Personal information
- Full name: John James
- Nickname: Johnny
- Born: 18 January 1934
- Died: 8 December 2010 (aged 76) Robinvale, Victoria
- Original team: St Patrick's College
- Height: 175 cm (5 ft 9 in)
- Weight: 81 kg (179 lb)
- Position: Half back flank

Playing career^{1}
- Years: Club / Games (Goals)
- 1953–1963: Carlton / 195 (31)

Representative team honours
- Years: Team / Games (Goals)
- 1955–1962: Victoria / 15 (?)
- ^{1} Playing statistics correct to the end of 1963.^{2} Representative statistics correct as of 1962.

Career highlights
- Brownlow Medal: 1961; Carlton best and fairest: 1955, 1960, 1961;

= John James (Australian rules footballer) =

Australian rules footballer, born 1934

John James (18 January 1934 – 8 December 2010) was a leading Australian rules footballer in the Victorian Football League (VFL). He won the Brownlow Medal, the highest individual honour in the sport, in 1961.

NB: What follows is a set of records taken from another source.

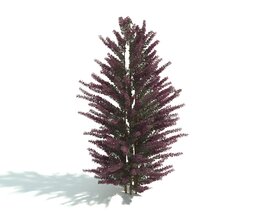 Tree with Reddish Leaves 3D модель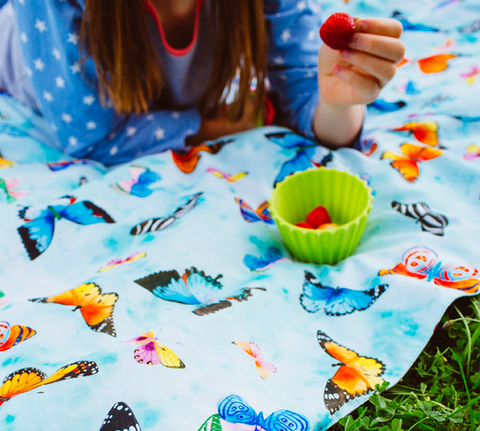 Lightweight Compact Machine Wash Butterfly Picnic Blanket Rubbastuff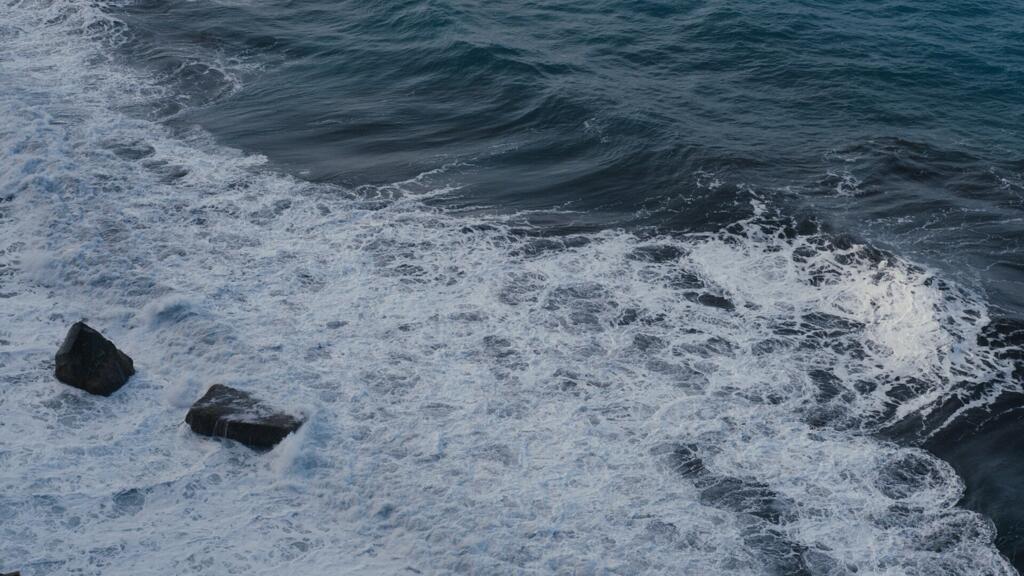 « The Last Harvest », film réalisé par Nuno Boaventura Miranda, présenté à l’édition 2026 du Festival international du court métrage de Clermont-Ferrand.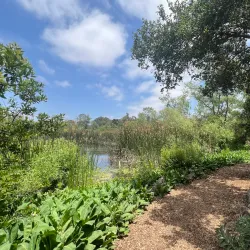 Shipley Nature Center - Huntington Beach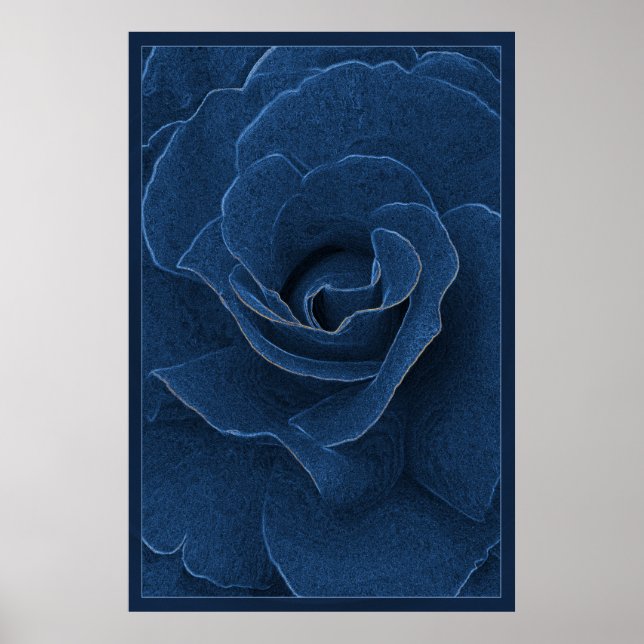 Póster Rosa azul de terciopelo (Frente)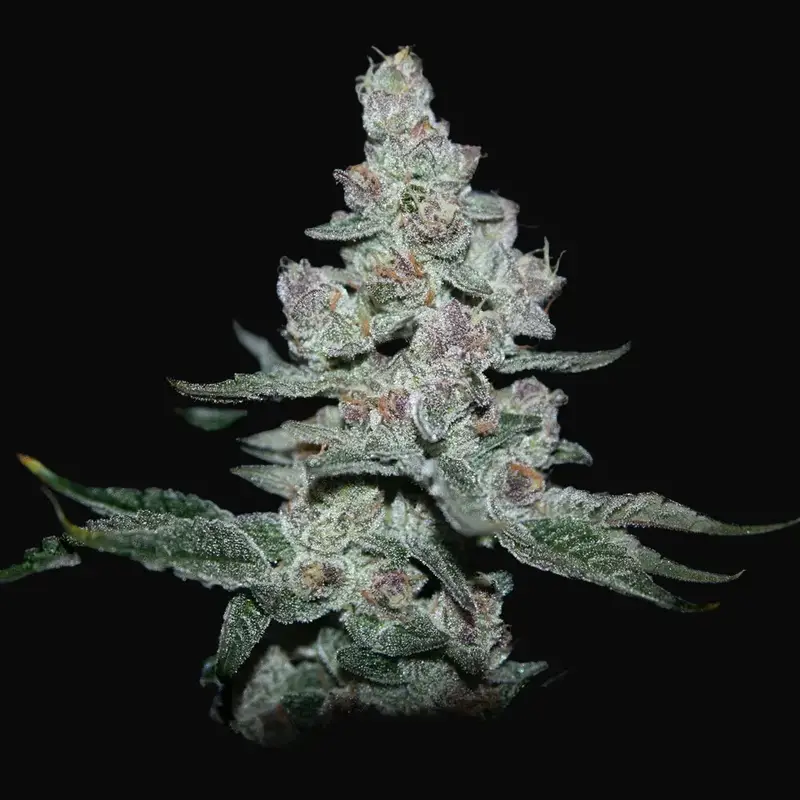 Fire'n Ice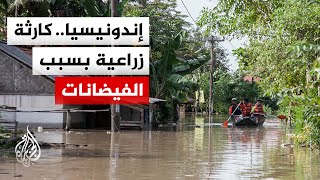 Download lagu الفيضانات تجتاح مزارع الأرز والبن وتخلف خسائر فادحة بإقليم آتشيه الإندونيسي mp3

Recruited from St. Patrick's College, Ballarat where in one match in 1952, he kicked 35 goals against Ballarat High School.

James played for the Carlton Football Club from 1953 to 1963, playing 195 games. He finished third in the 1957 Brownlow Medal count and won the award in 1961. He won the Carlton Best and Fairest three times (in 1955, 1960 and 1961). James was named on the half-back flank in the Carlton Team of the Century.

In his debut season, James played off a half-forward flank and booted the terribly inaccurate figures of eight goals, 43 behinds. Throughout his career he played in a variety of positions, including the backline. After his retirement in 1963, he went to coach Robinvale in the Sunraysia Football League.

James died in Robinvale, Victoria, on 8 December 2010, following a stroke.